From 1919, he served in the Intelligence Department of the Ukrainian Galician Army. At that time, the work of the intelligence service was divided into two main periods: the Galician period, during which the war with the Poles continued, and the Dnipro period, when the fighting with the red and Volunteer armies was ongoing. On the instructions of the leadership of the Intelligence Department, I. Vyslotskyi conducted several raids into the rear of the bolshevik army and obtained important information. During one of the missions, the detachment he led managed to blow up a railroad bridge south of Korosten while a bolshevik train with weapons and personnel was passing through it.

In the spring of 1920, the UGA and its special services actually ceased regular activities. At this, most army officers and riflemen, intelligence and counterintelligence officers, including I. Vyslotskyi, went underground, joined the ranks of insurgent and partisan formations and national liberation movements, and continued the struggle for the independence and unity of the Ukrainian state in different conditions.

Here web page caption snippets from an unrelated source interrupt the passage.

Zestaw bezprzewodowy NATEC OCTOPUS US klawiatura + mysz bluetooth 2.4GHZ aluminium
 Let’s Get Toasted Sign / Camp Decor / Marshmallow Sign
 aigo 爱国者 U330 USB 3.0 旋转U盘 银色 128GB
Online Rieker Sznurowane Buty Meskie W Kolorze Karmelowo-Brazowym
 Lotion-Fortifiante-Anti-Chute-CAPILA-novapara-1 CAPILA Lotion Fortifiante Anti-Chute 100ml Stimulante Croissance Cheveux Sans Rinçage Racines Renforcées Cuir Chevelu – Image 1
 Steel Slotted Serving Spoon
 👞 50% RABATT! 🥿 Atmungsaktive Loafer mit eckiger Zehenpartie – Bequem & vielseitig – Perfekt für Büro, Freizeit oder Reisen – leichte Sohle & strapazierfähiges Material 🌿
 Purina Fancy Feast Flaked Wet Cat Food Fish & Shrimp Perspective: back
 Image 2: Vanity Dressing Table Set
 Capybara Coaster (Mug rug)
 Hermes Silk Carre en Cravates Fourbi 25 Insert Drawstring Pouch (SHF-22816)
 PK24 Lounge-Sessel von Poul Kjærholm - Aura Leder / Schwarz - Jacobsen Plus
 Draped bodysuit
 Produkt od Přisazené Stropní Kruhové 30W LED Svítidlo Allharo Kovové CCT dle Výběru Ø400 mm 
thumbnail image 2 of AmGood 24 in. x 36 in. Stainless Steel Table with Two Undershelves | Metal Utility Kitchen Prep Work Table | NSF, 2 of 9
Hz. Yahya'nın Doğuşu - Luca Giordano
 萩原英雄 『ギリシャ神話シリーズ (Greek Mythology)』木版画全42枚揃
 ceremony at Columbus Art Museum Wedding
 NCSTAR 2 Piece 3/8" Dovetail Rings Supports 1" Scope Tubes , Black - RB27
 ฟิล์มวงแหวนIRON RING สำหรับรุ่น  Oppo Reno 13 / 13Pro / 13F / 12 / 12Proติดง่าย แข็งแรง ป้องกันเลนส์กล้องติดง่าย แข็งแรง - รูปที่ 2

In 1936-1939, I. Vyslotskyi worked in a Lviv publishing house. Before the arrival of the red army in September 1939, he and his family had left for  his native Lemkivshchyna, and in the autumn of 1941 settled in Sambir, where he was engaged in publishing new school textbooks devoid of communist stereotypes. In 1944, he and his family found themselves in a displaced persons camp in Germany, from where they left for Paraguay in 1948. In his last years overseas, he taught children of immigrants to read and write Ukrainian. His memoirs tell about political and military intelligence during the existence of the Ukrainian Army in 1917-1919.

He passed away in Argentina in 1969.